A psychology term used to reflect personal feelings of yourself - the degree to which one values oneself. When a person does not feel, speak or think positively of themselves, he or she is said to have low self-esteem and vice versa. Per Dictionary.com, the definitions are:
1. A realistic respect for or favorable impression of oneself; self-respect.
2. An inordinately or exaggeratedly favorable impression of oneself.
How Self Esteem Impacts Children:
Children can establish feelings about themselves based on how
others treat them, how they compare themselves to others and what
people say about them, to them and around them. Typically, if a child
thinks they aren't as pretty or handsome as their friends, as
talented as others in music and/or sports, as smart as their
classmates and so on, this child will most likely think negatively
about themselves and begin to think they aren't as valuable as
others. If there is no one around them to remind them that they are
pretty, handsome, smart, talented and so on, it can get worse.

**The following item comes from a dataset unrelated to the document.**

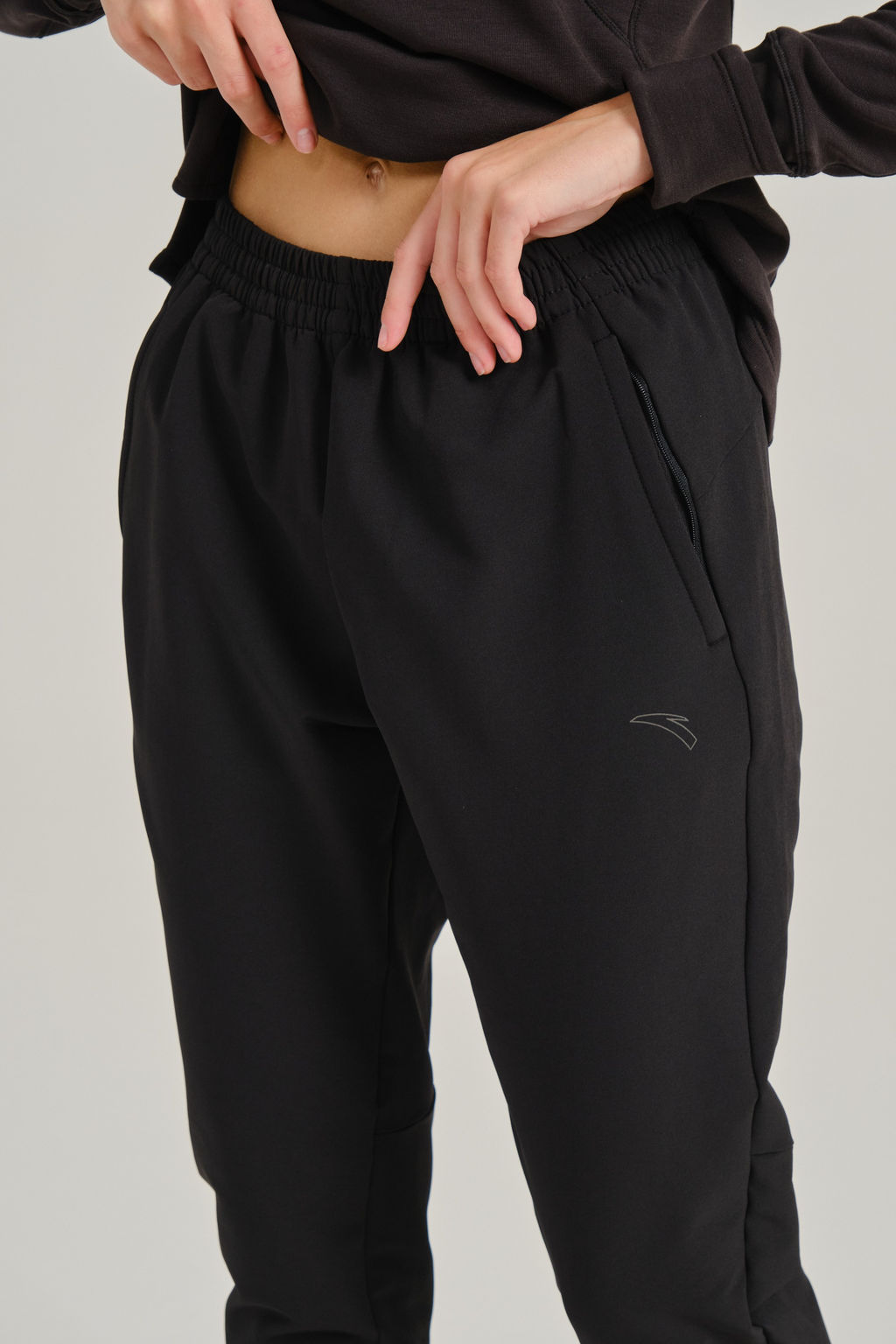 Брюки текстильные Черный - Anta фото 3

Our
children in the world need to understand and be reminded that they
are special in their own way!
A child with low self esteem will often focus on what's wrong with them instead of what's right. You will also notice the child making negative comments about themselves such as: I'm ugly, I'm stupid, I can't do anything right, no one likes me and so on. You'll also notice the child will not try new things, less likely to attempt to make friends and always need attention, more attention than normal.
A child with low self esteem is less likely to have boundaries, will allow other kids to bully them, will follow other kids' actions even when they know the actions aren't good, just to fit in. Will allow other kids to abuse them emotionally, physically and more.
Such child will rarely take an initiative to do things and have a tendency to not speak up when they should in fear of being the blame, judged, laughed at or ignored.
This is dangerous!
Additional warnings signs are:
Lack of care for anything
Defensive about everything
Fear of being alone
Describe themselves as or often feel like the victim in most circumstances
Too often point out bad things about others to deter the attention away from the bad things they think of themselves
Frequently exaggerate and/or not speak the truth
Very emotional when things go wrong
Pay close attention to these behaviors because it can lead to
self harm, self hate, depression and the child giving up on life as
a whole. If a child gives up, they'll stop learning. If a child stop
learning and keep these habits, it becomes a recipe for a tough
adulthood and it can spread to their children if they ever have any.
Do what you can now to stop the cycle. Seek professional help if
what you've tried isn't working. Don't procrastinate.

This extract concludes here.